So I keep talking about how I'm writing stuff...anyway, here's some stuff that I've been writing. It's part of a play I'm working on called "Literary License." This particular scene is supposed to be a somewhat cheesy, very cliche interaction between a local private eye and a local wanna-be superhero. It's kind of a story within a story...the play itself is about two feuding authors, and the detective and superhero in this scene are they characters the two authors are trying to get published.
I've discovered that trying to explain the premise of what I'm writing is really impossible, so give it a read and see what you think. If you catch a grammatical error, let me know...I miss them all the time cause of my eyes, gotta have Daniel look the scenes over for me to grammar check.

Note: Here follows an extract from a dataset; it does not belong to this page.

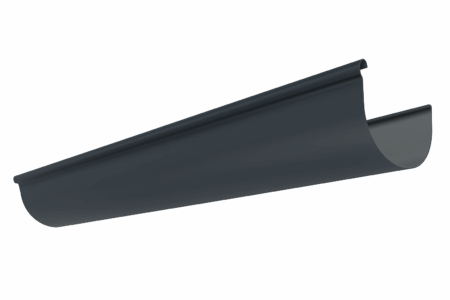 Dark gray half-round gutter section with a raised lip, meant for collecting rainwater from a roof.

Remember: This part is SUPPOSED to be cheesy. I do not generally have my characters say things like "stop, evil doer," or reference "the sanctity of morality and the code of human law" otherwise.
ACT TWO
Scene One: A rooftop
[The rooftop of a ridiculously tall, menacing steel building. A mysterious man, dressed entirely in black, with a makeshift mask over his face to prevent identity exposure is standing on the roof, tying the wrists of BECKY, the feisty and sometimes dense sidekick of Detective DOLLY MARCH. BECKY is kicking at the masked man furiously, but she has the disadvantage, of having been taken from behind. She does, however, have the power to scream, and scream she does.]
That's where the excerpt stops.